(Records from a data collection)
——
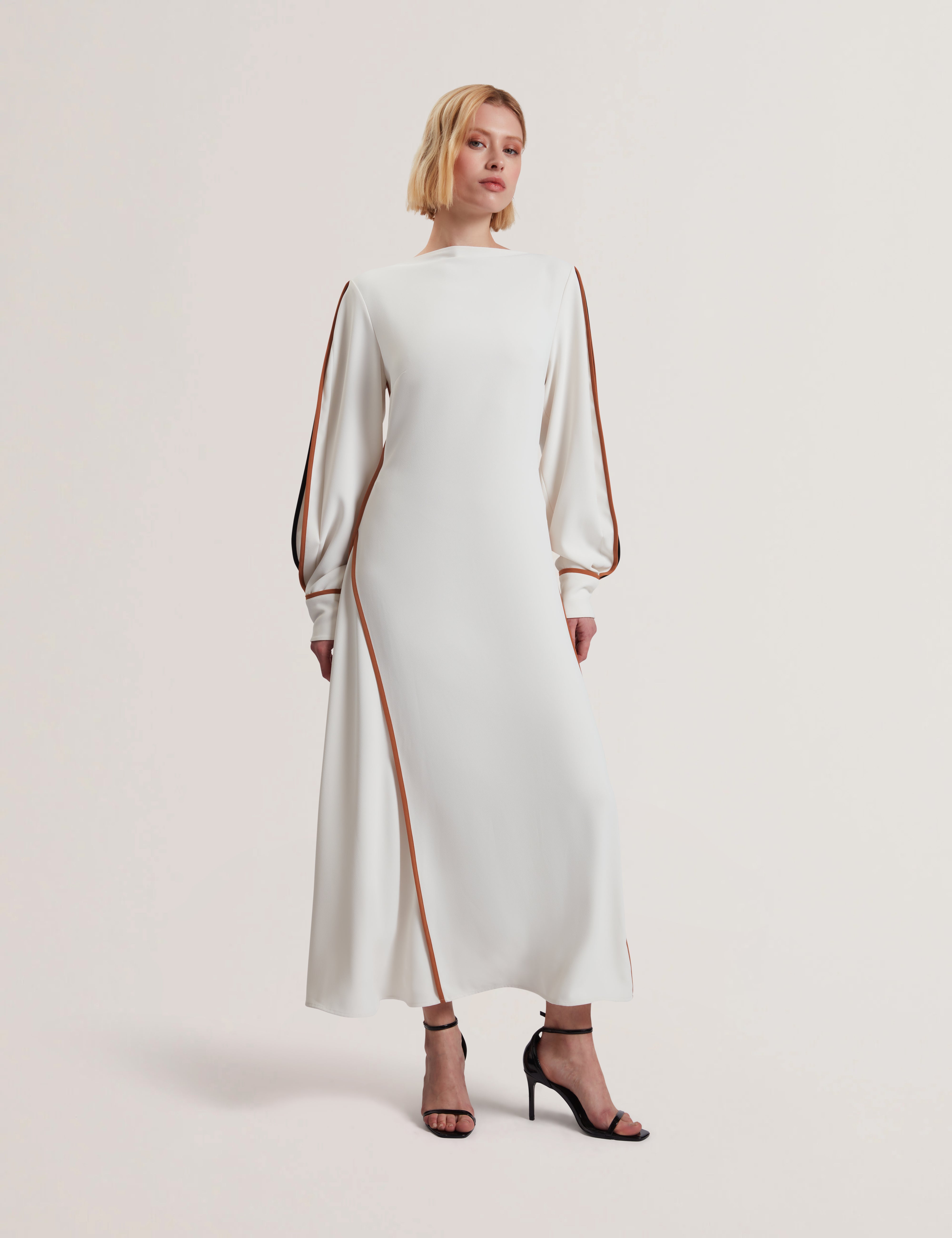 Women's MEARIM-Piping Detail Long Sleeve Mid Dress Ivory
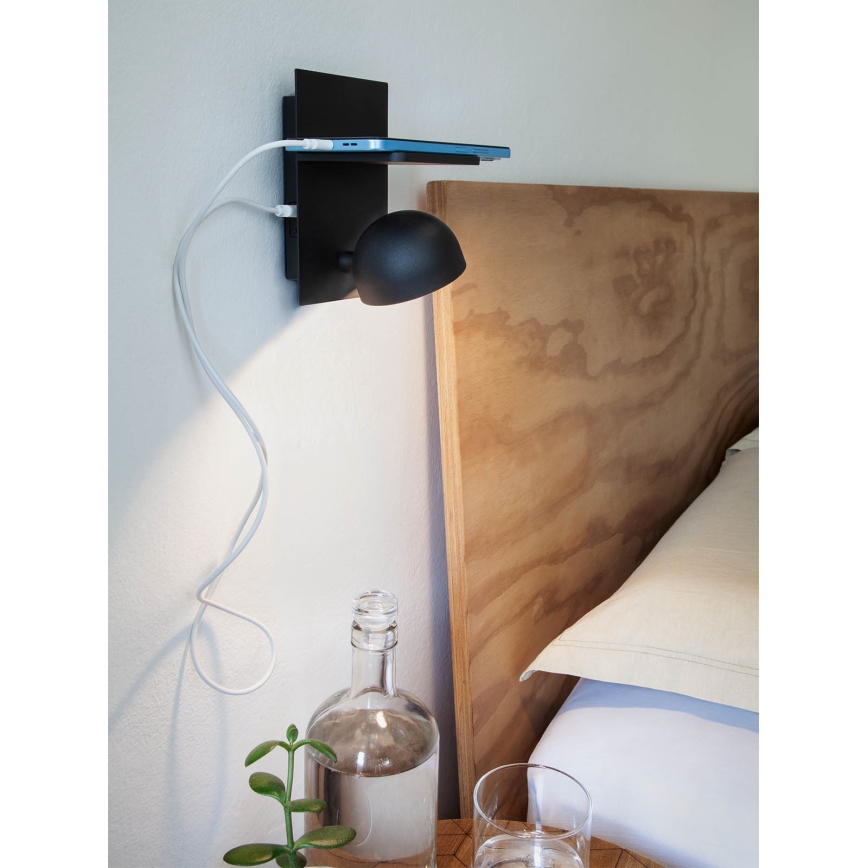 Redo 01-3491 - LED vægspot SEIBI LED/7W/230V USB CRI 90 sort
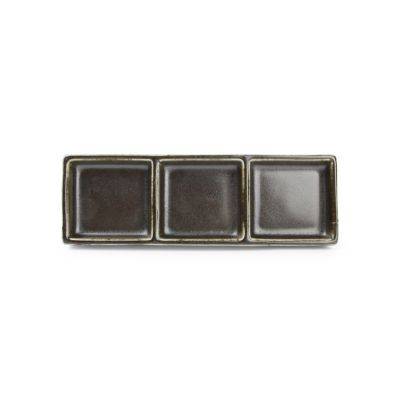 Servierplatte Ceres aus Porzellan, 24 x 8 cm, schwarz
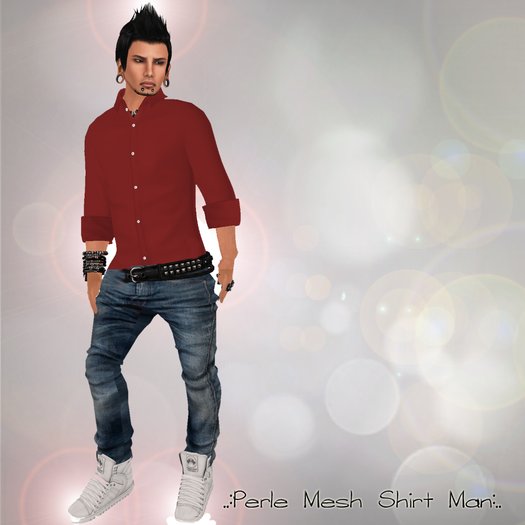 ..:Perle- Mesh Shirt Man Red 
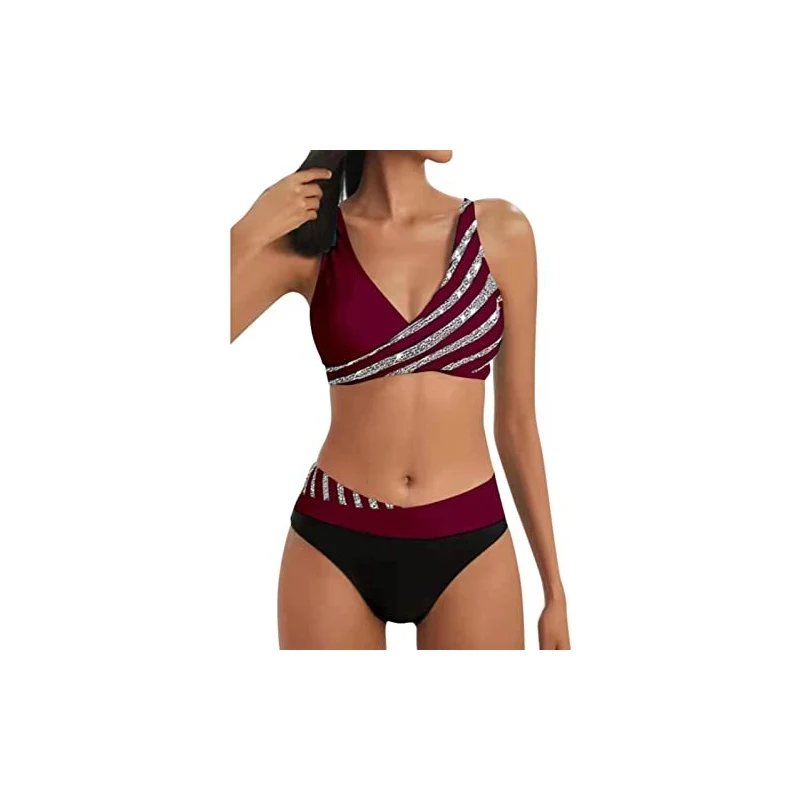 Zueauns Bikini Da Donna Con Seni Grandi Costume Da Bagno Push Up Sexy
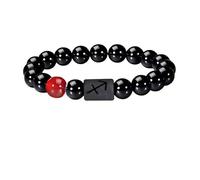 ZALXOZYL Bracelet de 12 Perles Rondes Naturelles Colorées en Pierre Naturelle et Cristal, pour une Fille, une Amie, un Anniversaire ou Noël.Bsagittarius10Cm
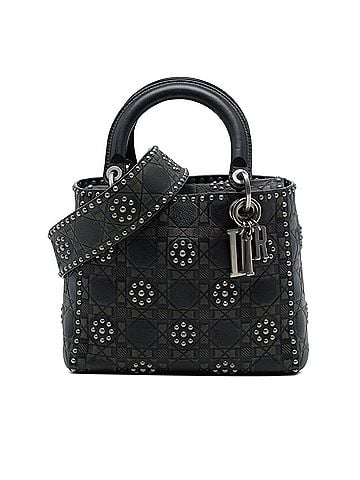 Dior Medium Calfskin Cannage Embossed Flower Studded Supple Lady Dior (view 1)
——
* The problem
Exactly the lines from the one holding "ZALXOZYL Bracelet de" through the last line of the entries, both included, are to be duplicated; leave the pictures out.

* Solution for this problem
 ZALXOZYL Bracelet de 12 Perles Rondes Naturelles Colorées en Pierre Naturelle et Cristal, pour une Fille, une Amie, un Anniversaire ou Noël.Bsagittarius10Cm
 Dior Medium Calfskin Cannage Embossed Flower Studded Supple Lady Dior (view 1)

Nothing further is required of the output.